I am trying to read an excel data set starting from a specific row in a workbook containing multiple sheets. I can't use the row index as the location of the row I want to start with changes in each sheet.
My data looks like this:
| A header | Another header |
|---|---|
| start after this | A |
| 07:00 | B |
| 08:00 | C |
| 09:00 | D |
and I wanted to read the data starting from whatever row is before 08:00
| A header | Another header |
|---|---|
| 07:00 | B |
| 08:00 | C |
| 09:00 | D |
I have tried the following but I am getting an error that it can't find "08:00" in the list
df = df[df.index[list(df.index.values).index('08:00') - 1:]]
I would appreciate any hints, many thanks in advance!

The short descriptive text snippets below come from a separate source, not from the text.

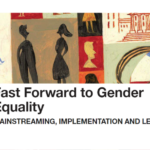 Imagem com título do documento, pintura onde se destaca um homem com um carrinho de bebé e uma criança e um homem e uma mulher frente a frente.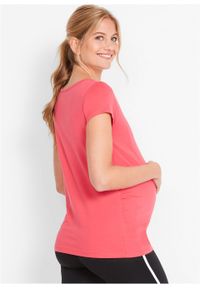 Shirt ciążowy basic (2 szt.) bonprix różowy hibiskus + szary łupkowy. Typ kołnierza: dekolt w serek. Kolekcja: moda ciążowa. Kolor: różowy #4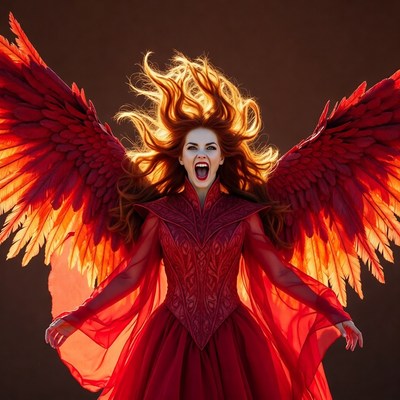 Red-winged fiery woman in fantasy gown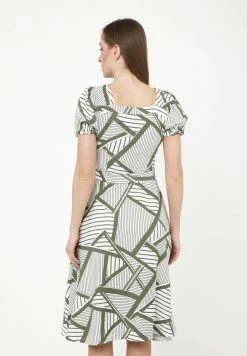 Madam-T FULLA - Robe De Jour - White, Khaki -Madam-T Soldes 2022 90571d51af9c4208b8e7dce2329ef1b7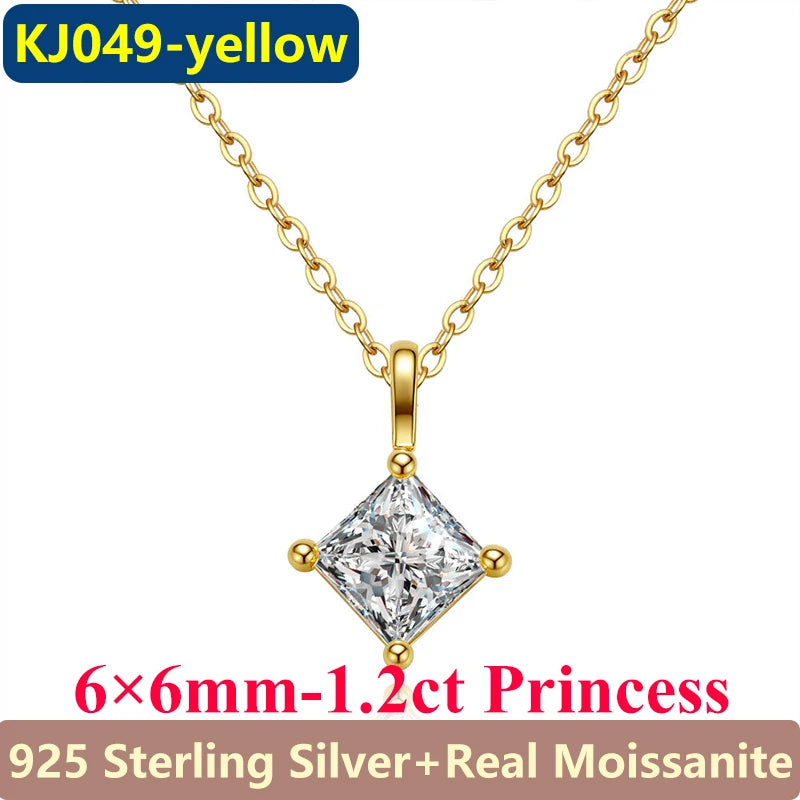 1CT / 2CT Emerald Heart Pear Princess Moissanite Diamond Pendants Necklaces For Women S925 Silver Fine Jewelry Women's Pendants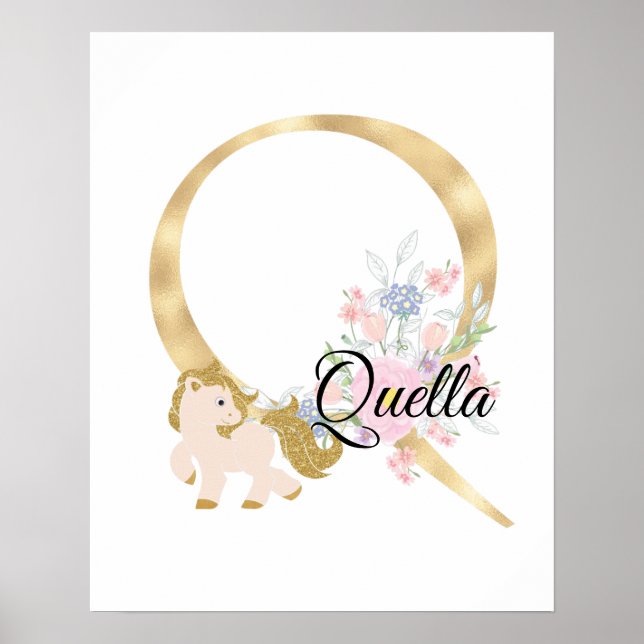 Póster Letra Q personalizada con monograma de pony (Frente)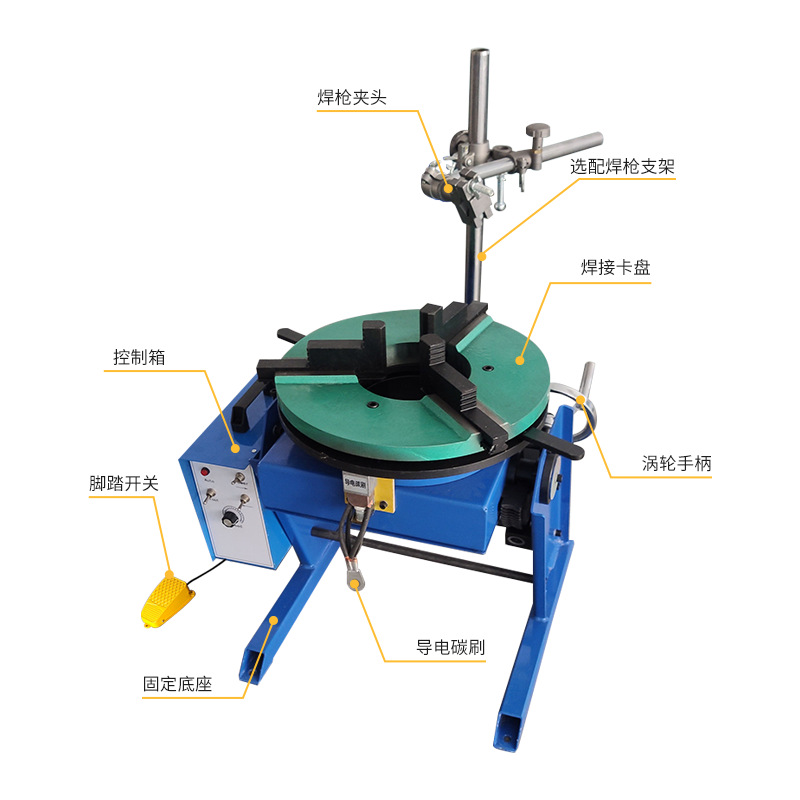 200kg displacement machine welding turntable with large hole displacement automatic welding tooling stainless steel flange pipe ring seam welding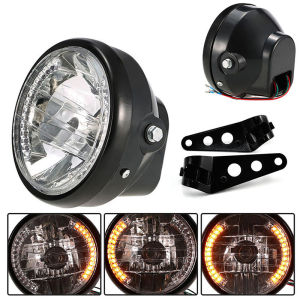 AUTOFun Universal 7 Inch Motorcycle Headlight H4 35W LED Head Lamp 9 Wires Light with Bracket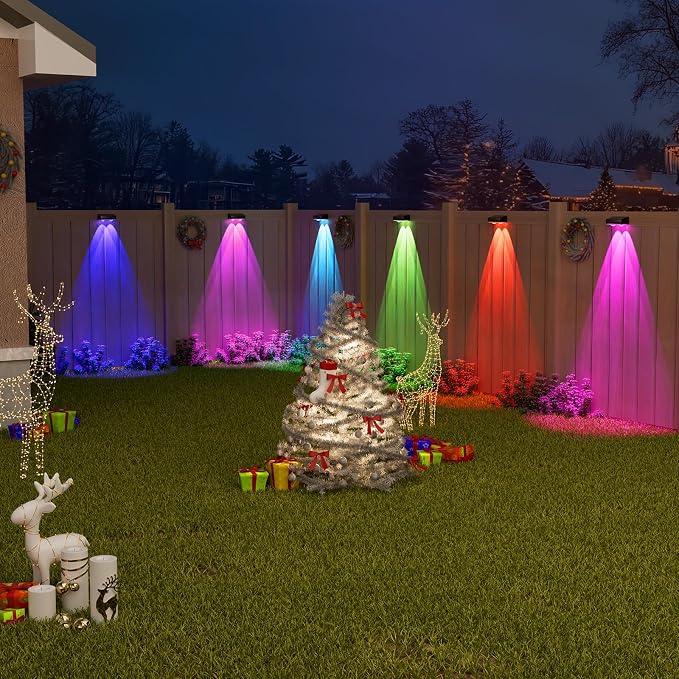 VOLISUN Solar Fence Lights Outdoor 12 Pack, 10 Colors ＆ Color Changing Fence Lights Solar Powered, Fast Charging, IP65 Waterproof LED Solar Lights for Fence, Backyard, Garden, Railing, Deck, Patio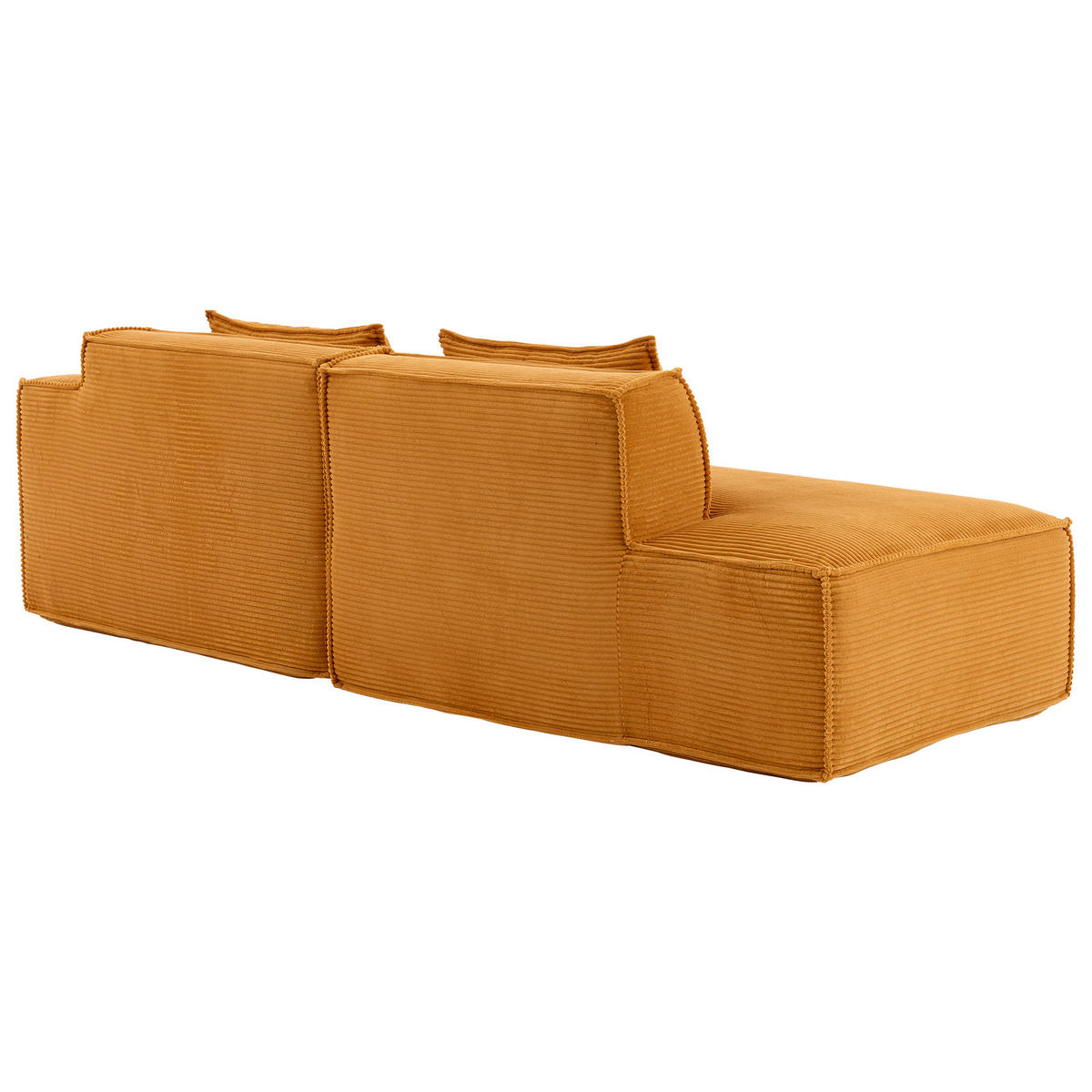 ECKSOFA DE-35208 mit 2 Kissen Senfgelb - Gelb, Textil (129/235cm) - ComfortXL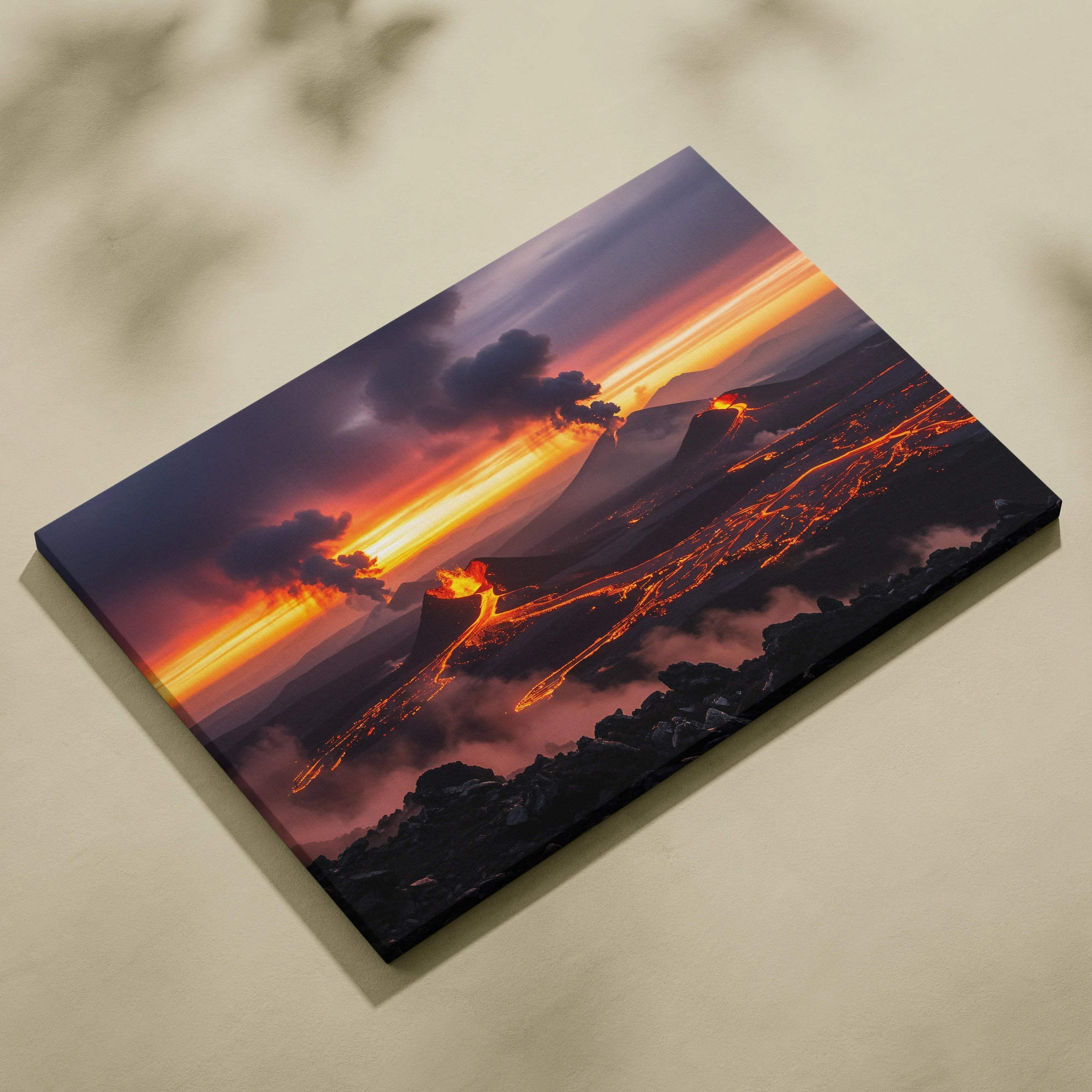 Vibrant lava rivers glow across volcanic plain with erupting volcanoes at sunset canvas print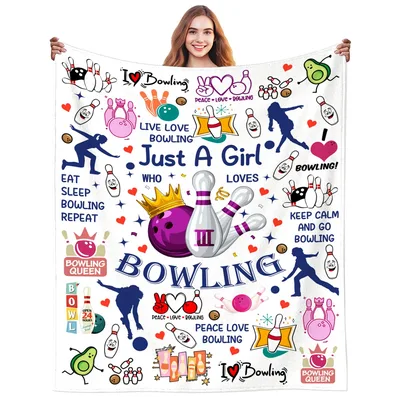 Bowling Queen Crown Design Blanket for Enthusiasts
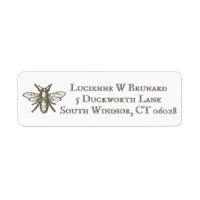 Heraldic Bee Embossed White Return Address Label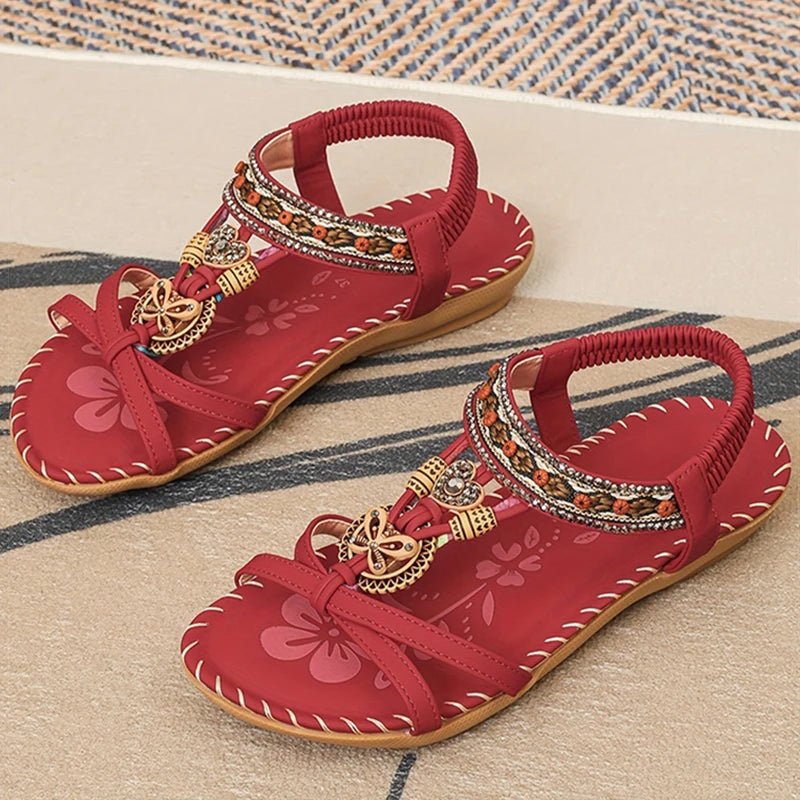 Sandali da donna Sandali estivi stile Boemia Donna Fondo morbido Sandali con tacco basso Scarpe da donna Scarpe antiscivolo Calzature estive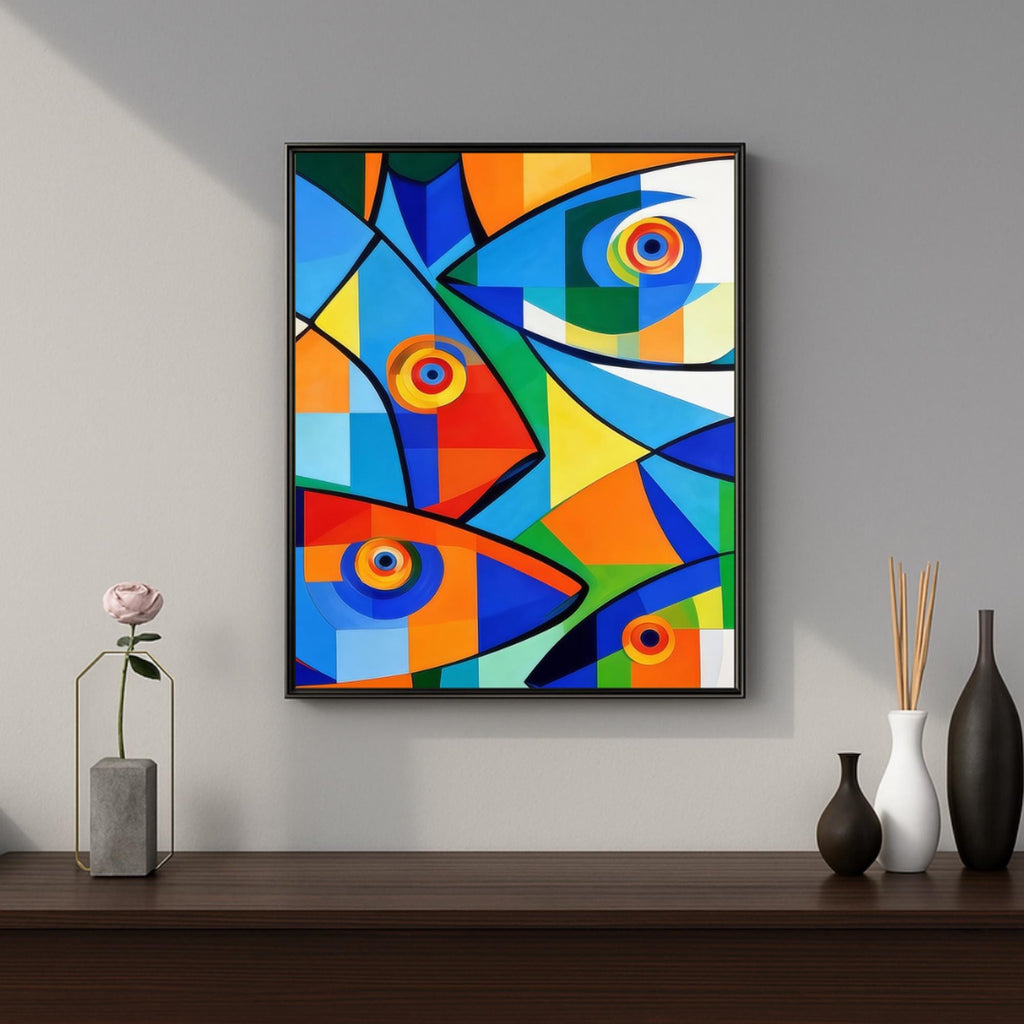 Cubist Fish Art Print, Colorful Geometric Ocean Poster or Canvas (Digital File Available) AffinityArts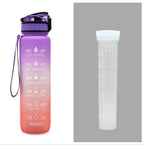 1L Tritan Water Bottle With Time Marker Bounce Cover Motivational Water Bottle Cycling Leakproof Cup For Sports Fitness Bottles - Oopsdadforgot.com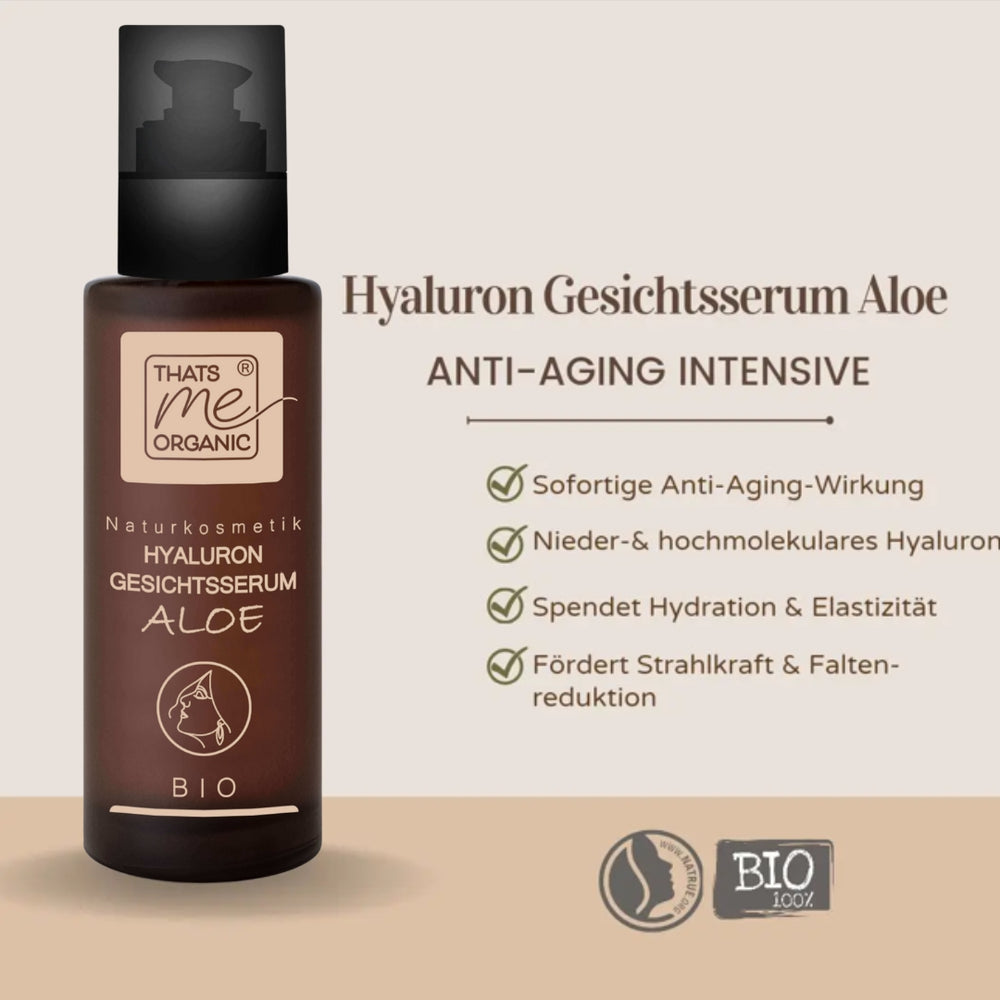 BIO-Hyaluron-Gesichtsserum Aloe - Anti Aging - glättend + straffend 30ml vegan
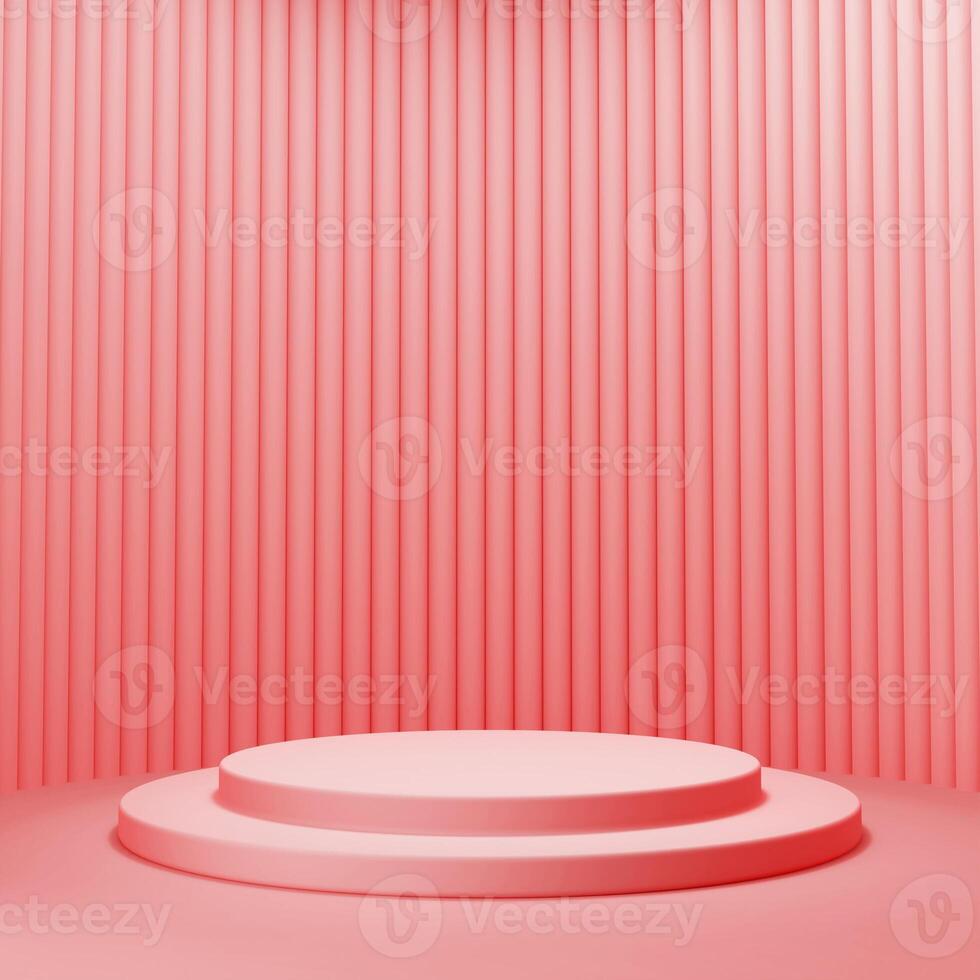 round pink podium with curve modern wall in feminine product display scene composition square ratio photo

CodePudding user response:
Compare values of index converted to Series, so possible add Series.shift for previous match and Series.cummax for next Trues:
print (df)
Another header
A header
start after this A
07:00 B
08:00 C
09:00 D
print (df[(df.index.to_series() == '08:00').shift(-1,fill_value=False).cummax()])
Another header
A header
07:00 B
08:00 C
09:00 D
print (df[(df.index.to_series() == '07:00').shift(-1,fill_value=False).cummax()])
Another header
A header
start after this A
07:00 B
08:00 C
09:00 D
print (df[(df.index.to_series() == '09:00').shift(-1,fill_value=False).cummax()])
Another header
A header
08:00 C
09:00 D
print (df[(df.index.to_series() == '17:00').shift(-1,fill_value=False).cummax()])
Empty DataFrame
Columns: [Another header]
Index: []
CodePudding user response:
I would write the iteration out explicitly to make things clear:
start = 0 # in case we fail to find it later
for i, row in df["Col 1 header"].iteritems():
if "07:00" in row:
start = i -1
break
Then you can just use start from then on.